*ASSIGNMENT*:
Where in the records does the word "village" occur? Copy each line in which it does.

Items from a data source
_ _ _ _ _

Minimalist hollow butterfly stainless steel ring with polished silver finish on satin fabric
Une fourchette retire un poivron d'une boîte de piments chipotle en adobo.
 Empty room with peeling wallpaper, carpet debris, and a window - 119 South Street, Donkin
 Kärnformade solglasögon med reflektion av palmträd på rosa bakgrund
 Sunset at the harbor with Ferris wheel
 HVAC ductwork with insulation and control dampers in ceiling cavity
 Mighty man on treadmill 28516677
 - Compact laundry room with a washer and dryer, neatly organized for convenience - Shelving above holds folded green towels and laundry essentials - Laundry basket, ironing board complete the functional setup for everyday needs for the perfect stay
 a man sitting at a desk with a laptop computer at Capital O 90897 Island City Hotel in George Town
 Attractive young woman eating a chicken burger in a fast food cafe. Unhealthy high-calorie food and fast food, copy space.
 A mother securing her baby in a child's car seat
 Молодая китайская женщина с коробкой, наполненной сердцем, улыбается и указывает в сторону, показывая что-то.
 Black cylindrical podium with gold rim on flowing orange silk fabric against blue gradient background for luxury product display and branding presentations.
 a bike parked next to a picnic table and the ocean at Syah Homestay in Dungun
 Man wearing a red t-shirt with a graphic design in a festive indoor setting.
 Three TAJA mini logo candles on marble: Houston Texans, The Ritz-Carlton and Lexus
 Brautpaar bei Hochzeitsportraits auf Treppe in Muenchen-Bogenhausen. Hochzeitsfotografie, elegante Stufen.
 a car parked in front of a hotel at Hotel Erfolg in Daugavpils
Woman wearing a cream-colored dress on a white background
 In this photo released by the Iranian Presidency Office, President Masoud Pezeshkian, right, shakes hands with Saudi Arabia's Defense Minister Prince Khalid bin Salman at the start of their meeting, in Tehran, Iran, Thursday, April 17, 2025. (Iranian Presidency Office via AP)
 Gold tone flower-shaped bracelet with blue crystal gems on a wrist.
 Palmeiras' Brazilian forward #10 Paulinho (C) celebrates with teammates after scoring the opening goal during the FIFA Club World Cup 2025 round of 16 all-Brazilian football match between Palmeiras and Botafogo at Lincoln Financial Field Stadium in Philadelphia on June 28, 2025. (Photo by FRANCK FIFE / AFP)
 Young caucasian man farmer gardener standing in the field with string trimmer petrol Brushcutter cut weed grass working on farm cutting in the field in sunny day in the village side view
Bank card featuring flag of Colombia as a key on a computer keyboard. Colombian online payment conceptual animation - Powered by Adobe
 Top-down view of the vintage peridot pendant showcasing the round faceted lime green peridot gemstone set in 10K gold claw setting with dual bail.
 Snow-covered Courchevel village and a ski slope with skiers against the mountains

_ _ _ _ _

*RESPONSE AREA*:
 Young caucasian man farmer gardener standing in the field with string trimmer petrol Brushcutter cut weed grass working on farm cutting in the field in sunny day in the village side view
 Snow-covered Courchevel village and a ski slope with skiers against the mountains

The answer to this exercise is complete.